Progress on persistent memory

By Jake Edge
March 11, 2015

LSFMM 2015

It has been "the year of persistent memory" for several years now, Matthew Wilcox said with a chuckle to open his plenary session at the 2015 Storage, Filesystem, and Memory Management summit in Boston on March 9. Persistent memory refers to devices that can be accessed like RAM, but will permanently store any data written to them. The good news is that there are some battery-backed DIMMs already available, but those have a fairly small capacity at this point (8GB, for example). There are much larger devices coming, 400GB was mentioned, but it is not known when they will be shipping. From Wilcox's talk, it is clear that the two different classes of devices will have different use cases, so they may be handled differently by the kernel.

It is good news that there are "exciting new memory products" in development, he said, but it may still be some time before we see them on the market. He is not sure that we will see them this year, for example. It turns out that development delays sometimes happen when companies are dealing with "new kinds of physics".
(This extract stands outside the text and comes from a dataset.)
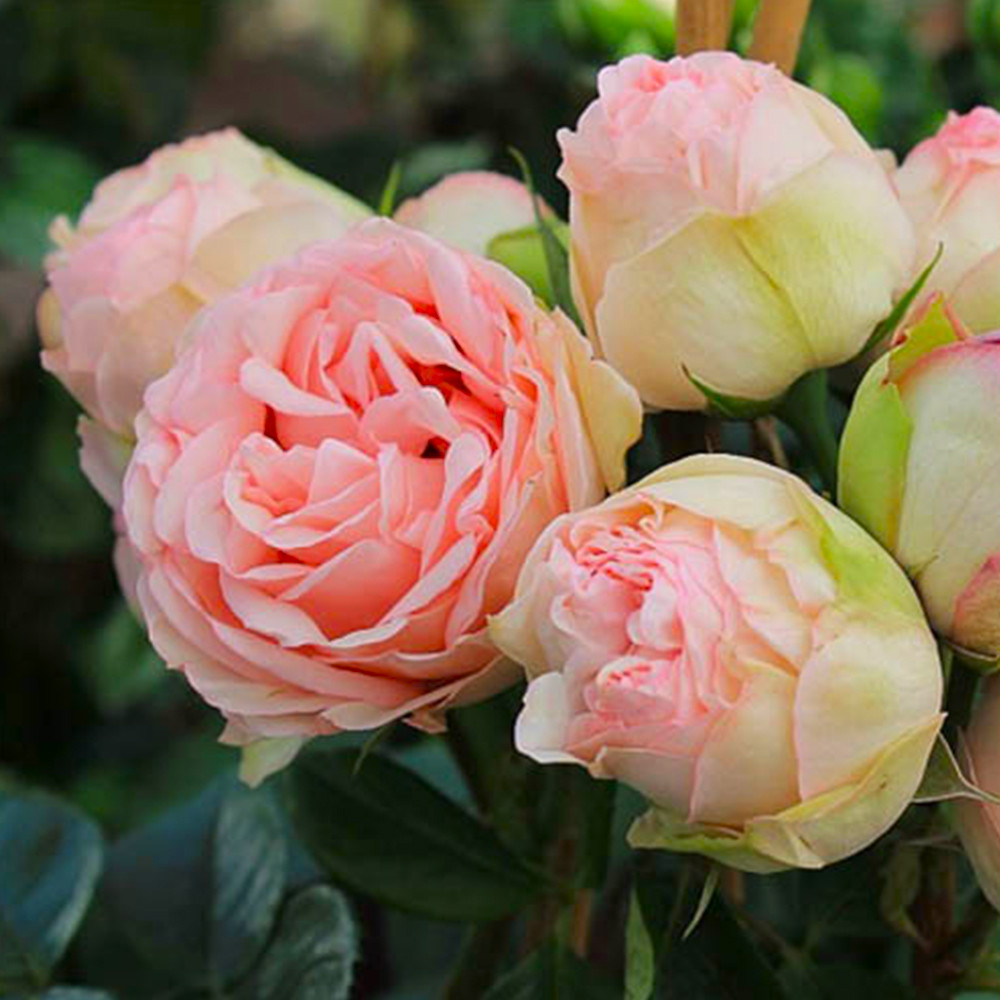 Саженцы бордюрных роз Чарминг Пиано (привитый) Черновцы - изображение 3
Christoph Hellwig jumped in early on in the talk to ask if Wilcox's employer, Intel, would be releasing its driver for persistent memory devices anytime soon. Wilcox was obviously unhappy with the situation, but said that the driver could not be released until the ACPI specification for how the device describes itself to the system is released. That is part of the ACPI 6 process, which will be released "when ACPI gets around to it". As soon as that happens, Intel will release its driver.

James Bottomley noted that there is a process within UEFI (which oversees ACPI) to release portions of specifications if there is general agreement by the participants to do so. He encouraged Intel to take advantage of that process.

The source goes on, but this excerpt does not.